Giovanni Bertini

Personal information
- Date of birth: 7 January 1951
- Place of birth: Rome, Italy
- Date of death: 3 December 2019 (aged 68)
- Place of death: Rome, Italy
- Height: 1.81 m (5 ft 11 in)
- Position(s): Defender

Senior career*
- Years: Team / Apps / (Gls)
- 1969–1974: Roma / 29 / (0)
- 1971–1972: → Arezzo (loan) / 7 / (0)
- 1974: Taranto / 3 / (0)
- 1974–1975: Ascoli / 15 / (0)
- 1975–1976: Fiorentina / 10 / (0)
- 1976–1980: Catania / 84 / (7)
- 1980–1982: Benevento / 41 / (0)

International career
- 1970: Italy U-21 / 1 / (0)

= Giovanni Bertini =

Italian footballer (1951–2019)

Giovanni "Giovannone" Bertini (7 January 1951 – 3 December 2019) was an Italian professional footballer who played as a defender.

==Career==
Bertini was born in Rome, and began playing youth football with Ostiense before signing with A.S. Roma at the age of 18. He made his professional debut in Serie A in a 2–2 draw against Fiorentina on 14 December 1969, and went on to collect six appearances in his first season, and three in his second season.
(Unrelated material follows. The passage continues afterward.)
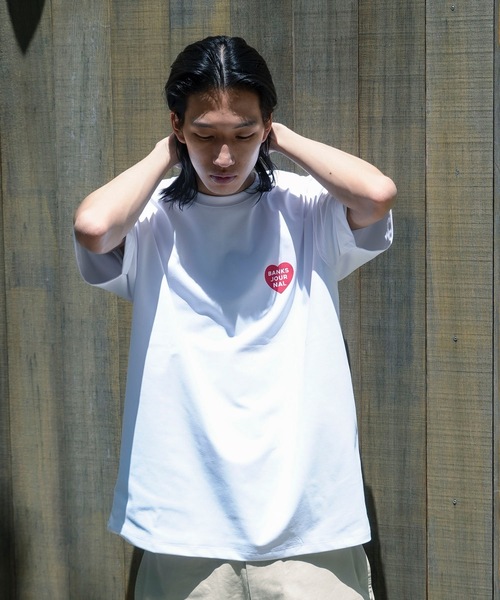 BANKS（バンクス）の「DESIGN TEE/BANKS JOURNAL(バンクスジャーナル)ハートプリント半袖デザインT-シャツ（Tシャツ/カットソー・メンズ・ブルー系その他/オフホワイト/ブラック・MEDIUM/LARGE/X-LARGE）」の7枚目の写真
He remained with the club until 1974, aside from a brief loan spell with Serie B side Arezzo in 1971, with whom he collected seven league appearances. After returning to Roma the following season, he made 20 more appearances for the club, before being sold to Taranto in 1974. Later that same year, he joined Ascoli Calcio 1898 under manager Carlo Mazzone, while he left for Fiorentina the following season, collecting 10 appearances in his only season with the club. In total, he played for six seasons (54 games, no goals) in the Italian Serie A, for Roma, Ascoli, and Fiorentina, also collecting 29 appearances in Serie B. He later also made 84 appearances for Catania, 65 of which came in Serie C, scoring seven goals, and obtained 41 appearances for Benevento over two seasons, before retiring in 1982.

==Style of play==
Bertini was a strong and physically imposing defender, who was also known for his exuberant character, leadership, tenacity, and personality. He usually played as a man-marking centre-back, known as a "stopper" in Italian. He was also known for his goalscoring ability as a defender, courtesy of his heading accuracy – which made him an aerial threat – as well as his powerful shot with either foot, including from free kicks.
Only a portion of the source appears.